At Readlyn and Verwood there are still others not much further removed from transportation. The majority of the white clays in this district are of ball or of semi-china class, burning nearly white in some cases, and to a cream-white in others. They are plastic and more refractory than the clays at East End. There are others of the stoneware type, as well as semi-refractories, suitable for sewer pipe, terra cotta, enamel ware, and ordinary fire brick for stove linings.
Pottery and fire clays are found in Willows, Readlyn and Claybank fields. From the Souris River good water is available. The district is much more attractive to the class of labor required than any other of the clay fields of the province. Situated near the international boundary, and at the gateway of the Western United States it is close to both the eastern and foreign markets.

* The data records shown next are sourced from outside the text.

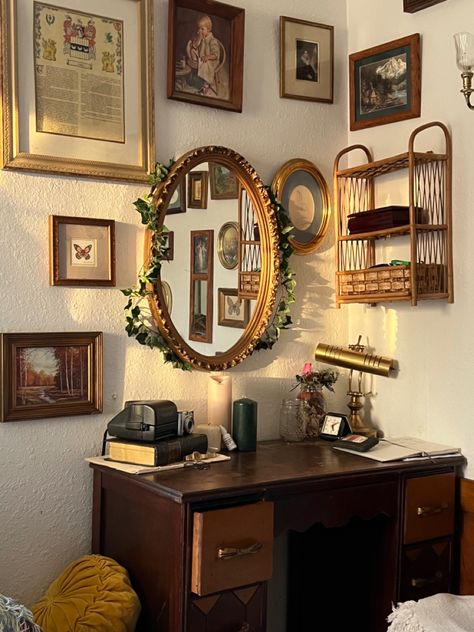 Mirror Above Desk Bedroom, Vintage Core Bedroom, Vintage Bedrooms Ideas, Light Acadamia Rooms, 20s Room Aesthetic, Vintage Diy Room Decor, Ways To Display Polaroids, Mismatch Decor, Vintage Room Inspiration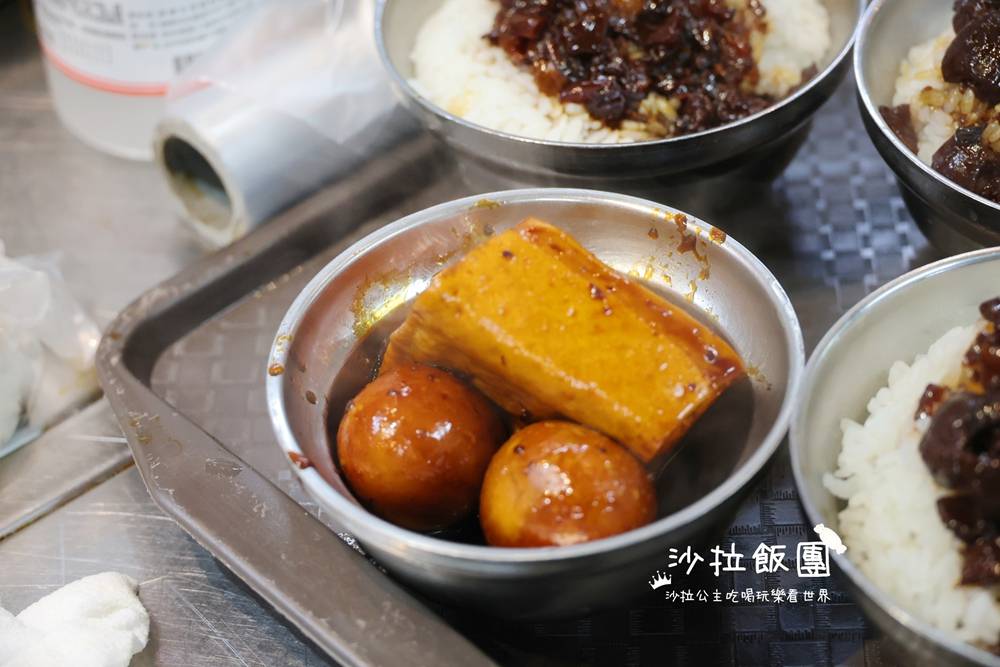 北投市場滷肉飯『矮仔財滷肉飯』必點紅燒蹄膀、大腸頭 14 北投市場滷肉飯『矮仔財滷肉飯』必點紅燒蹄膀、大腸頭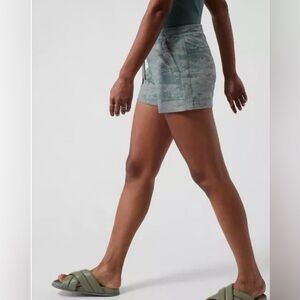 Athleta Farallon Short Size M Medium Camo Coast Grey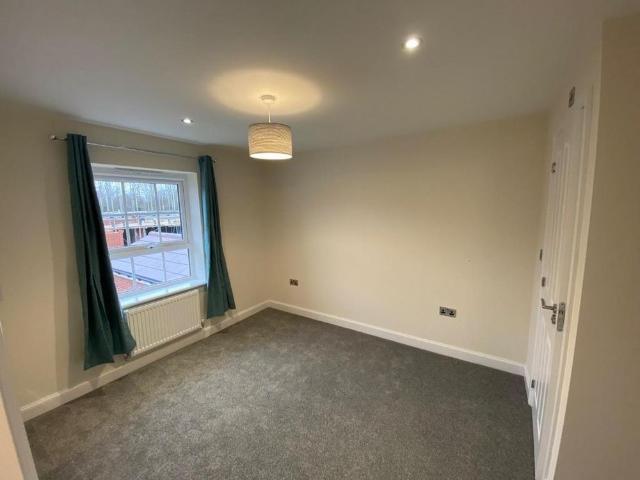 4 bedroom detached house to rent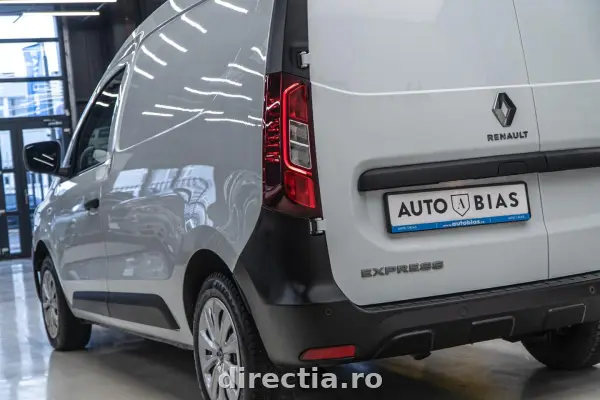 Poza anunț 30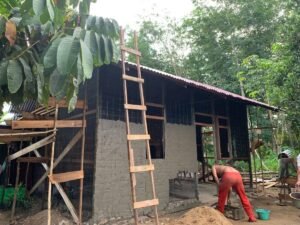 Renovasi Bedah Rumah dalam Rangka Hari Bhayangkara ke-79, Polda Kalbar Hadirkan Kebahagiaan untuk Warga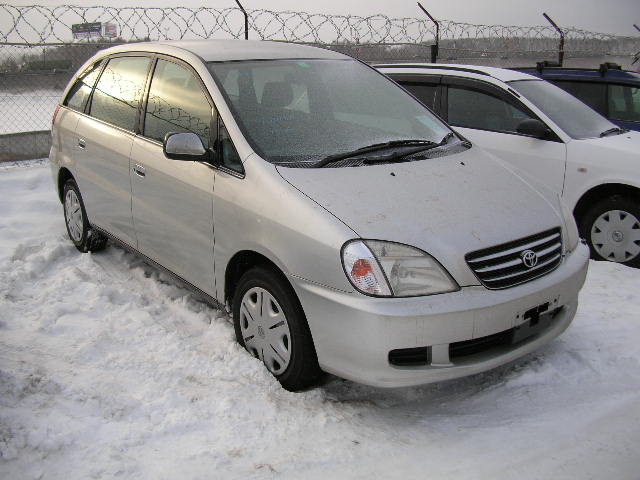 1998 Toyota Nadia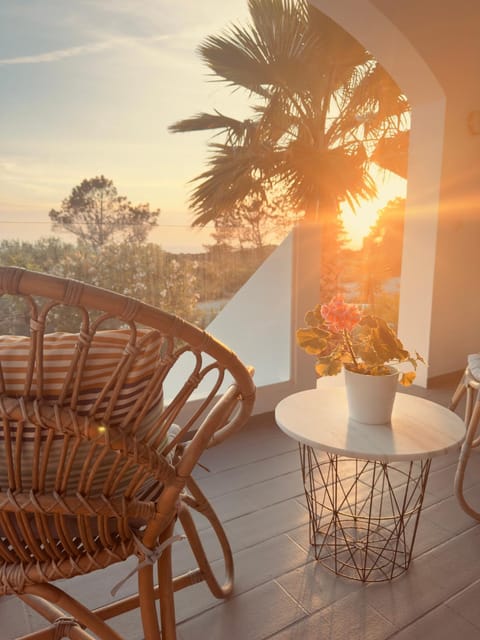 View (from property/room), Balcony/Terrace, Sunset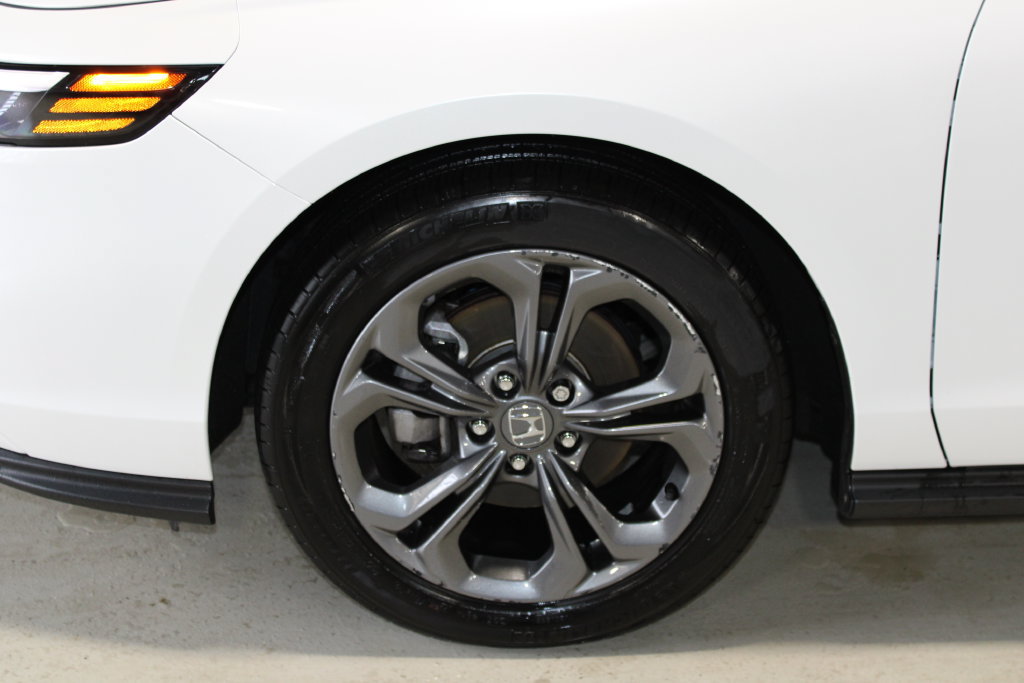 Used 2023 Honda Accord EX image 4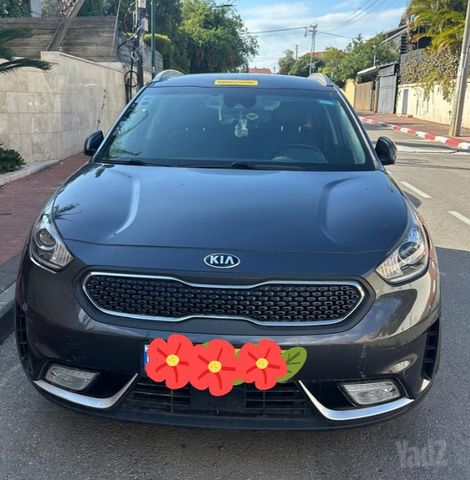 קיה נירו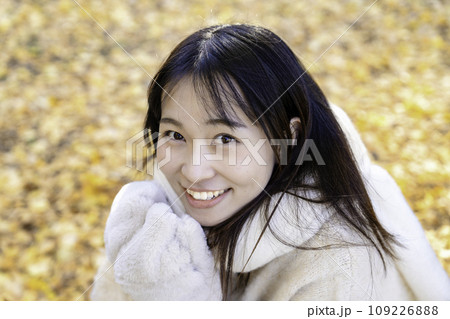 紅葉狩りを楽しむ若い女性 紅葉狩りを楽しむ若い女性 109226888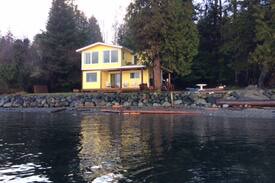 Heriot Bay House | The Yellow Cabin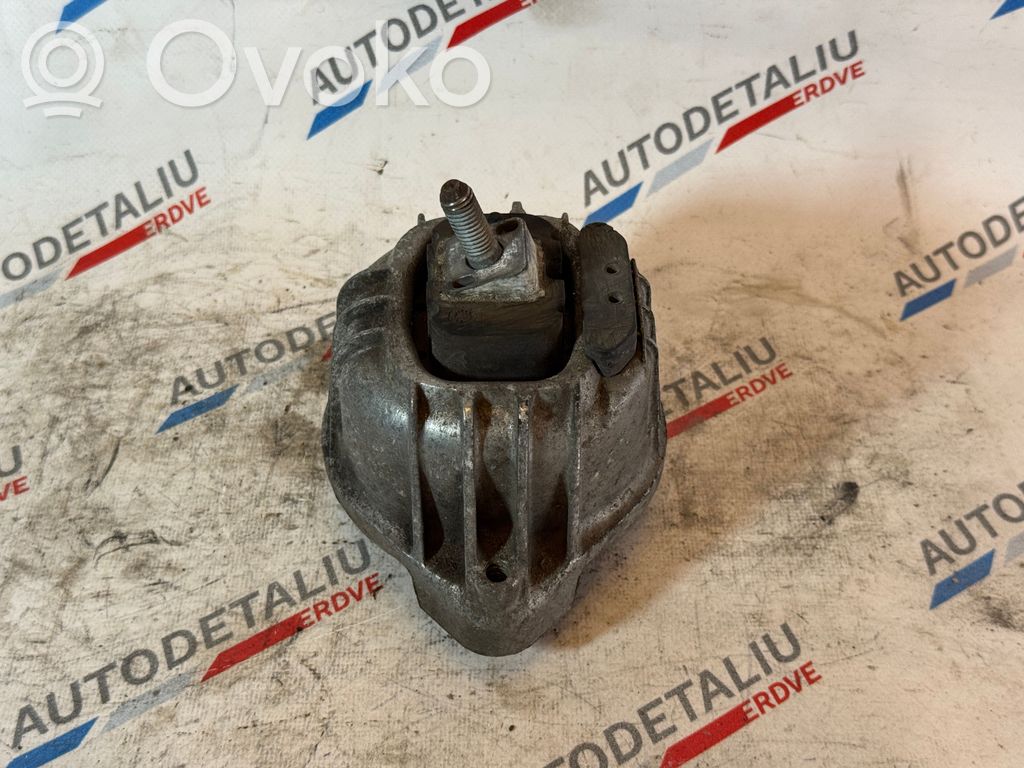 BMW 3 E92 E93 Dzinēja spilvens 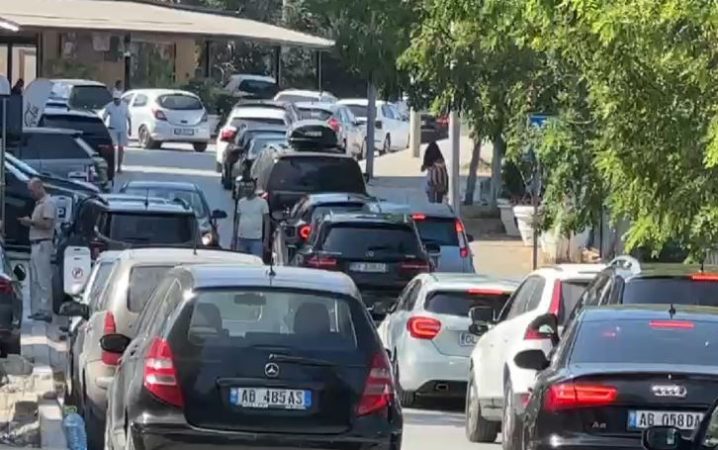 Kamioni pëson defekt në aksin rrugor “Vlorë-Llogara”, bllokohet qarkullimi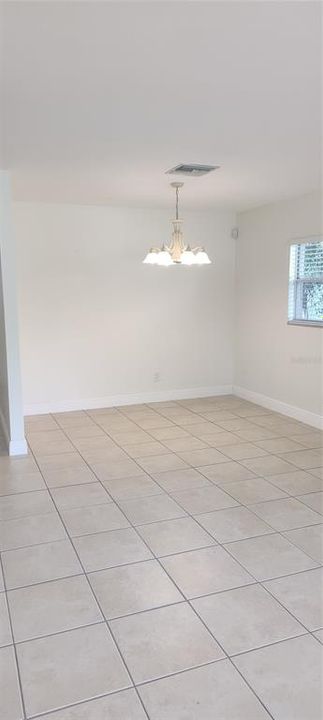 En Venta: $369,900 (3 camas, 2 baños, 1413 Pies cuadrados)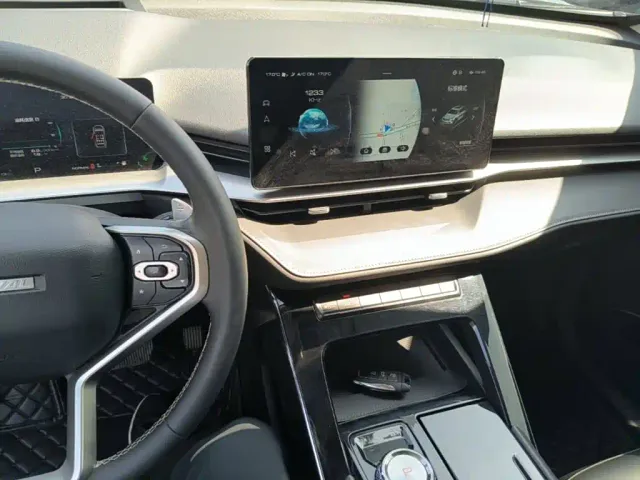 Haval H6 — Фото автомобиля 9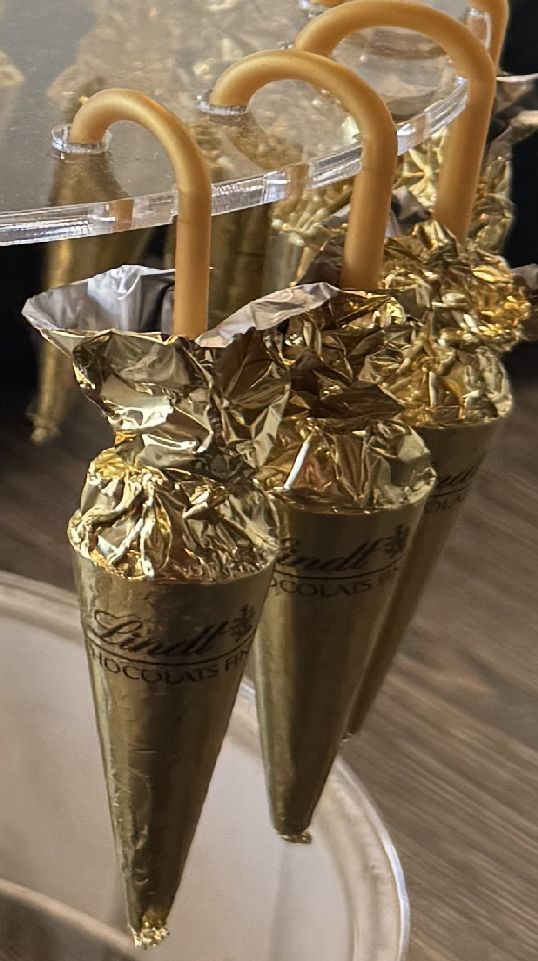 Ansehnliche Regenschirme als Schokoladen-Leckerei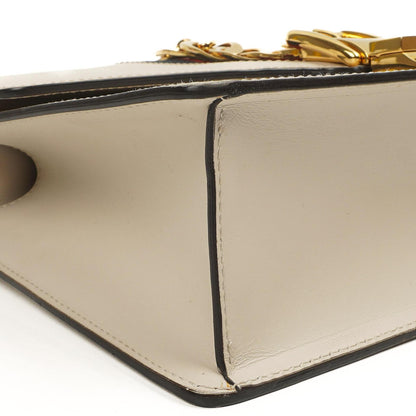 Gucci Kleine Sylvie Schultertasche mit Web-Streifen-Klappe aus elfenbeinfarbenem Kalbsleder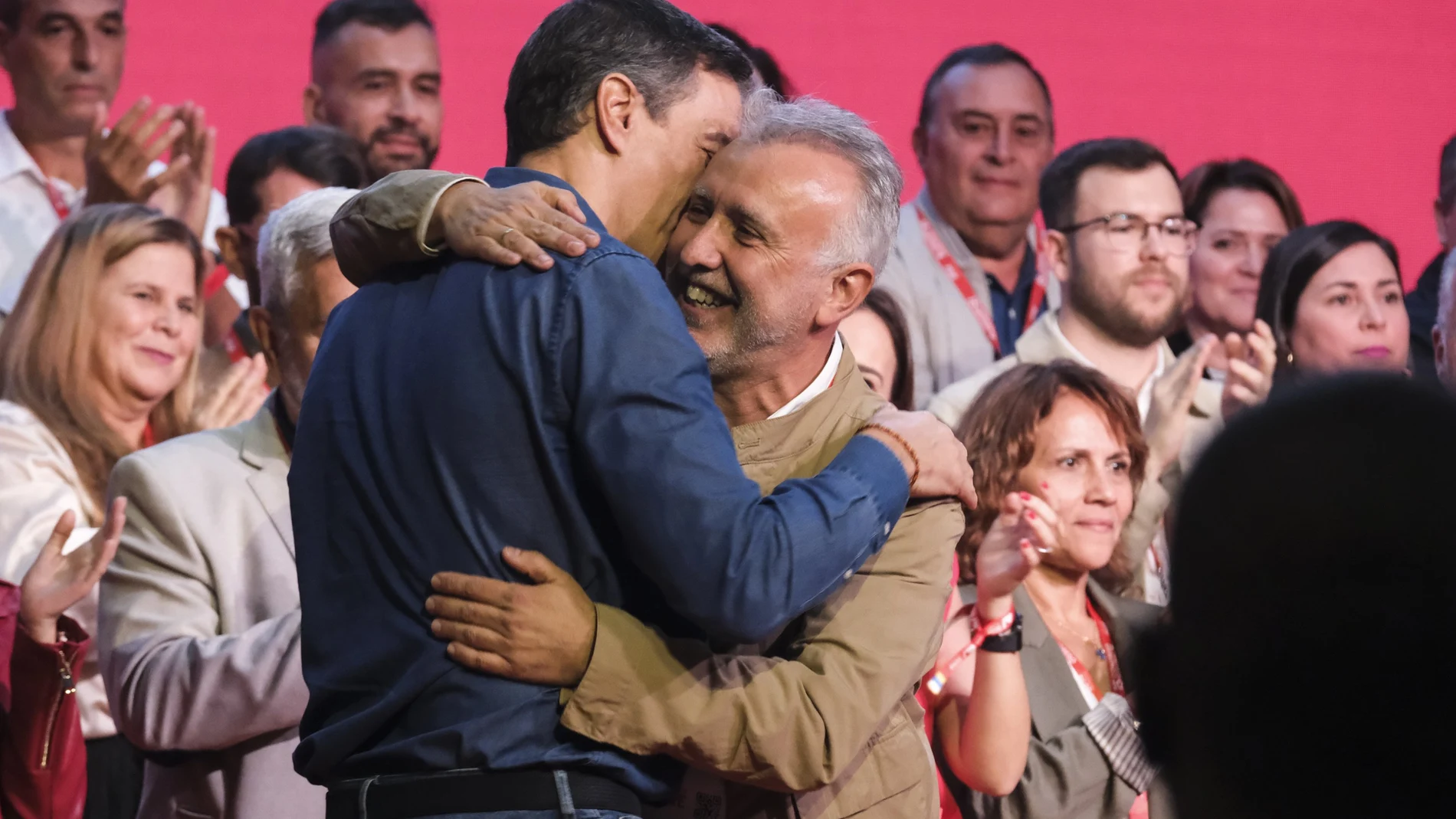 El presidente de España, Pedro Sánchez (i), abraza al al ministro de Política Territorial y Memoria Democrática y secretario general del PSOE de Canarias, Ángel Víctor Torres (d), este domingo durante el 15º Congreso del PSOE de Canarias, celebrado en el Espacio Magma en Adeje (Tenerife).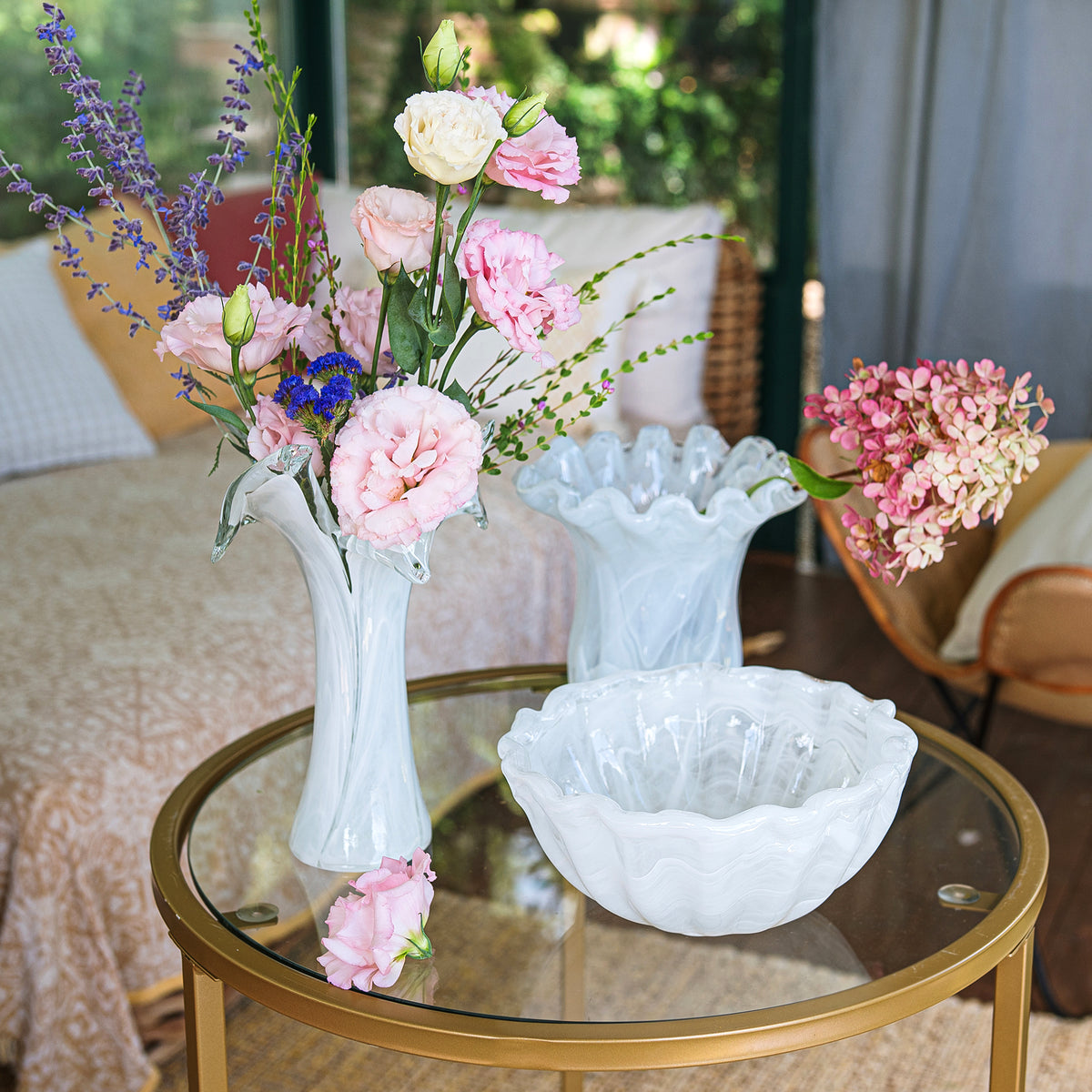Onda Glass White Twisted Flower Vase in White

Extensive Fire Clay Deposits The fire clays of the Dirt Hills are of singular interest and importance. Several extensive land slides on the northern side of the hills disclose sections of formations from 200 to 300 feet thick. It is in these exposures that some of the most refractory clays thus far discovered in western Canada occur. Several miles west of the Dirt Hills a second elevated area rises from the plains, and is known as the Blue Hills. Here, again are large exposures of refractory clays. For several years a company has been manufacturing fire brick near the town of Claybank at the foot of Dirt Hills. Provincial investigation has recently shown that exceptionally high-grade refractory tiles for locomotive arch work can be made from the Dirt Hills clay, a condition only met in the past by imported tiles.